Work required — Give back exactly the line containing "新日期麻辣黄喉即食零食小" and all that follow it in the data below, with the pictures left out.

Material provided —

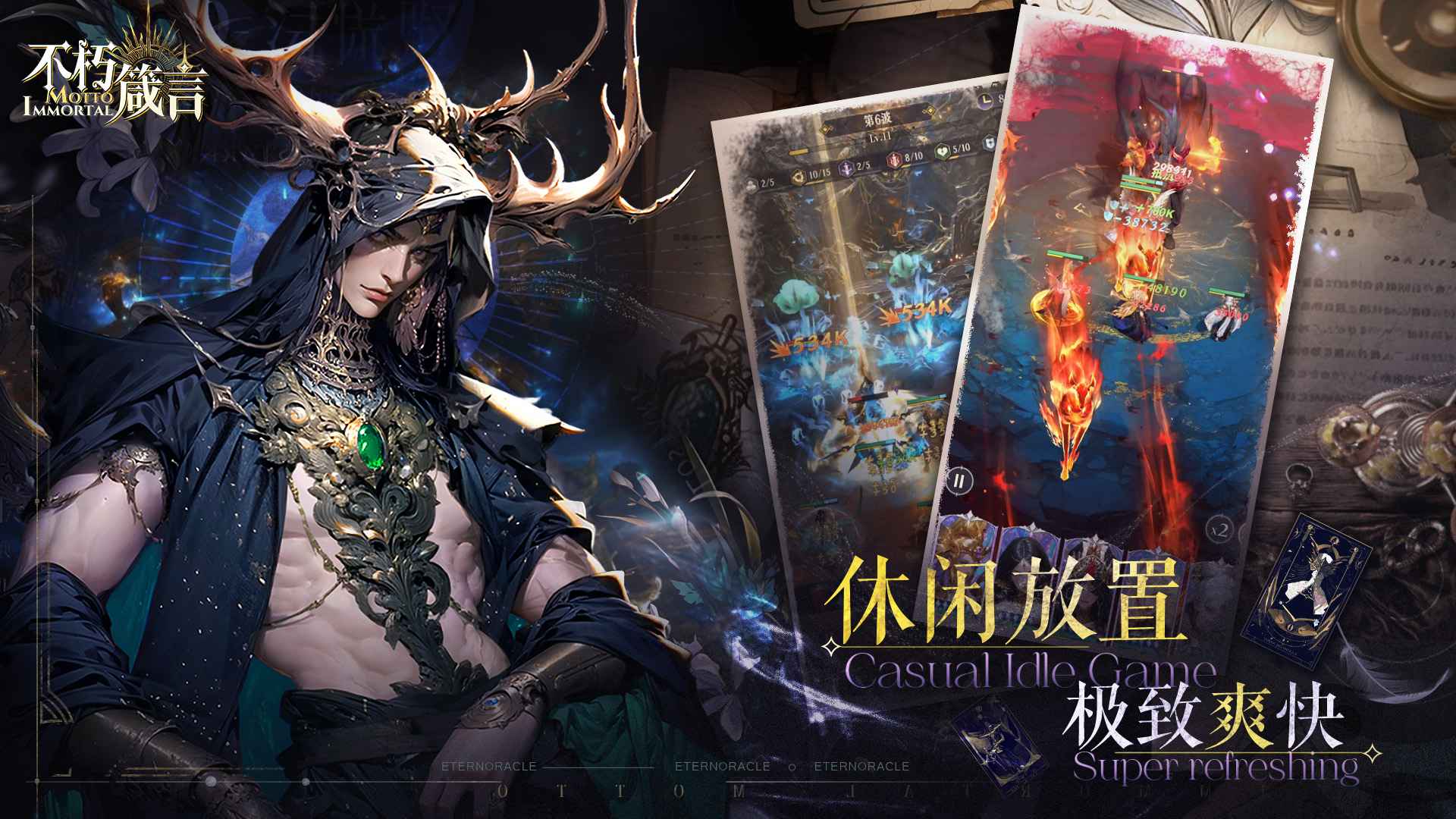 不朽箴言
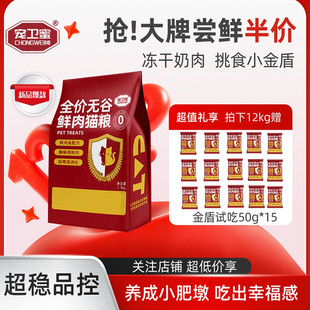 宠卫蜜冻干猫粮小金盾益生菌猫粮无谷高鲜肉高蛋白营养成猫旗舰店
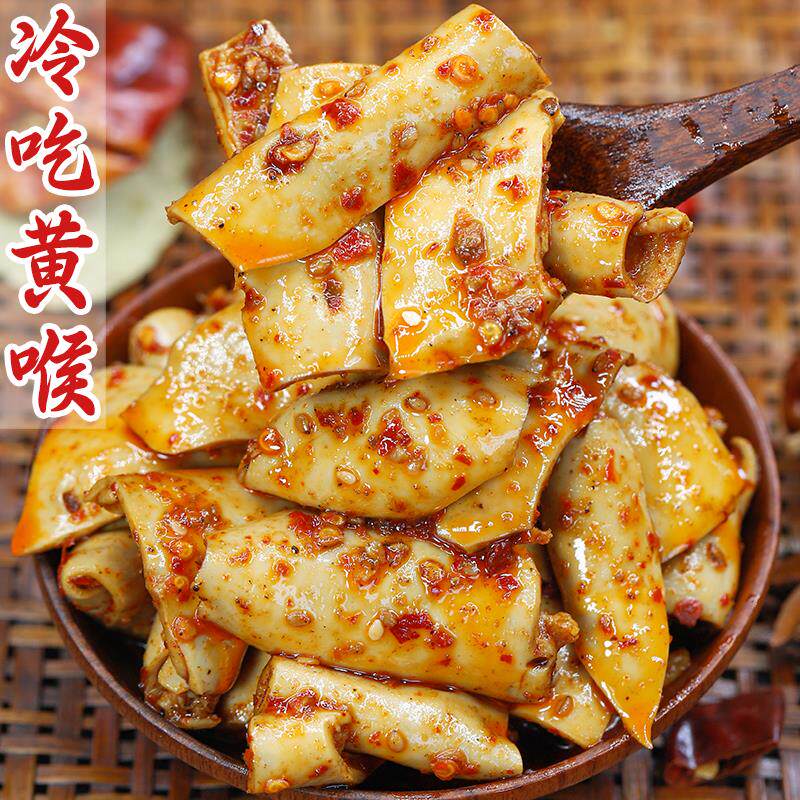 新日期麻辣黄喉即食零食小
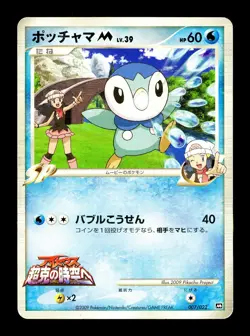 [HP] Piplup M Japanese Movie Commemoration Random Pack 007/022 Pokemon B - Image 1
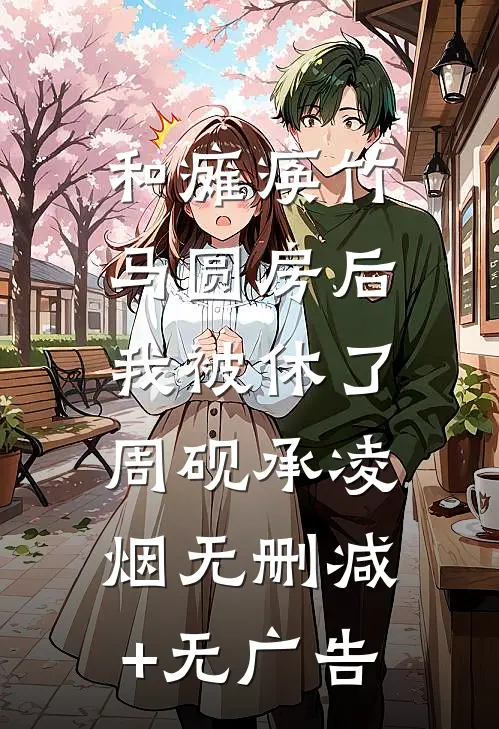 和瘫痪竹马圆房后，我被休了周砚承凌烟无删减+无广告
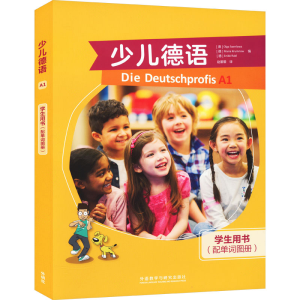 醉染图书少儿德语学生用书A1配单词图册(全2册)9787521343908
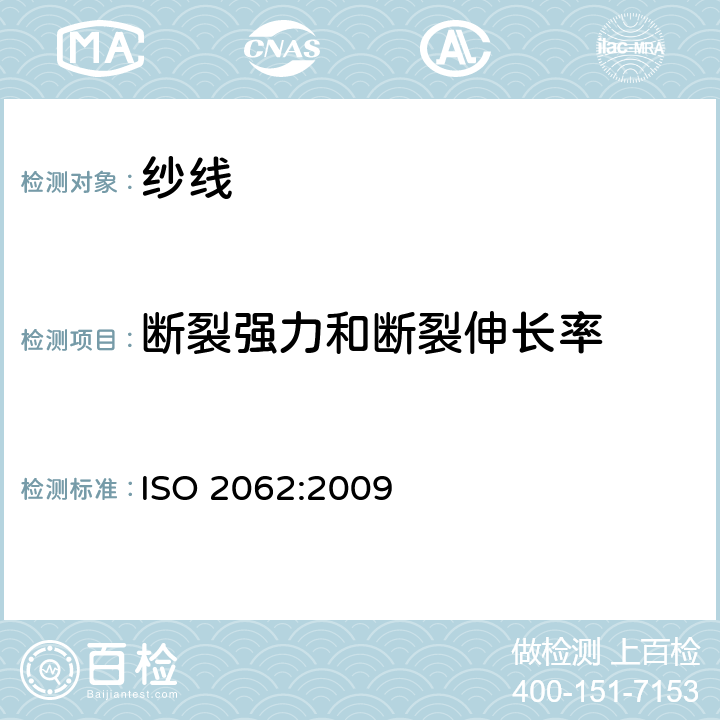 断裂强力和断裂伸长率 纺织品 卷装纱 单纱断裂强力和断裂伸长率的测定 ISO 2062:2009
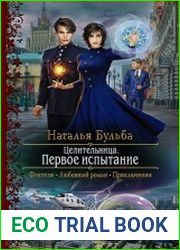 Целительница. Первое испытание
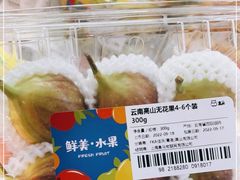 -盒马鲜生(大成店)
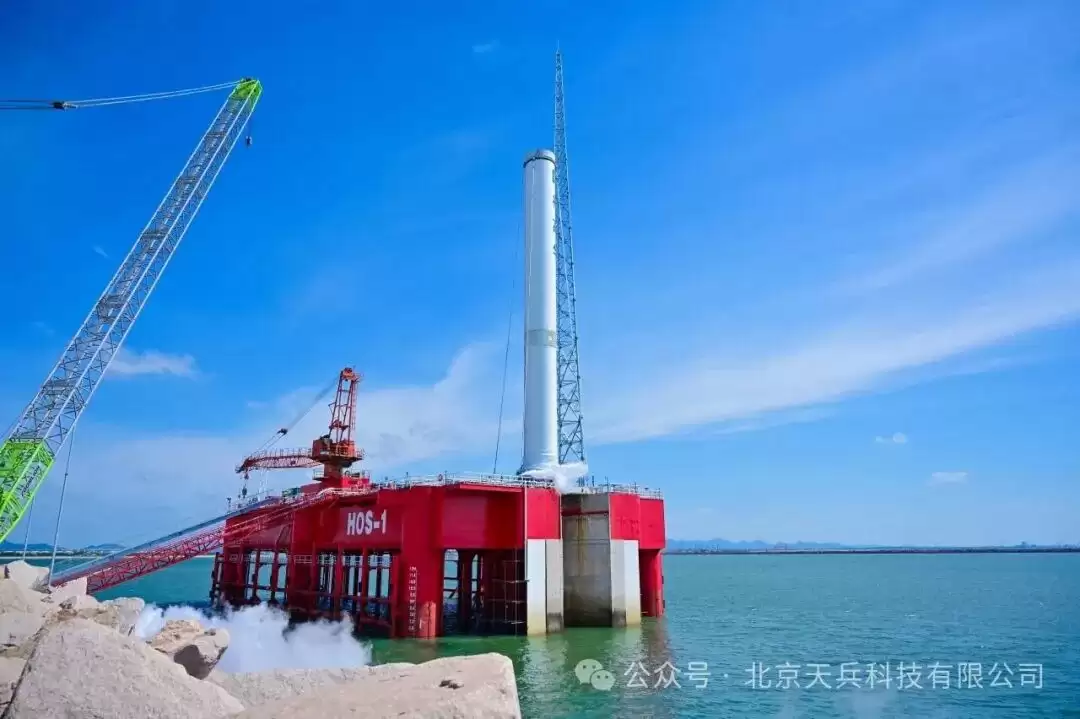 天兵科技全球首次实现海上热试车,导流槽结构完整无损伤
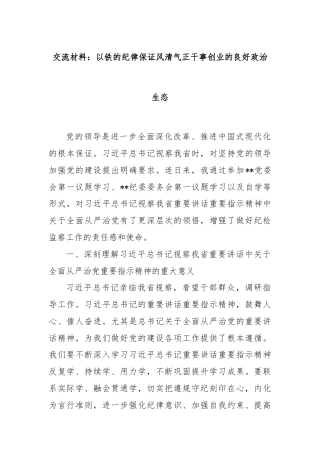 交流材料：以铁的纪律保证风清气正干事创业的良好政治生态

Written solution —
 新日期麻辣黄喉即食零食小
 [HP] Piplup M Japanese Movie Commemoration Random Pack 007/022 Pokemon B - Image 1
 和瘫痪竹马圆房后，我被休了周砚承凌烟无删减+无广告
 醉染图书少儿德语学生用书A1配单词图册(全2册)9787521343908
 断裂强力和断裂伸长率 纺织品 卷装纱 单纱断裂强力和断裂伸长率的测定 ISO 2062:2009
 Целительница. Первое испытание
 -盒马鲜生(大成店)
 天兵科技全球首次实现海上热试车,导流槽结构完整无损伤
 交流材料：以铁的纪律保证风清气正干事创业的良好政治生态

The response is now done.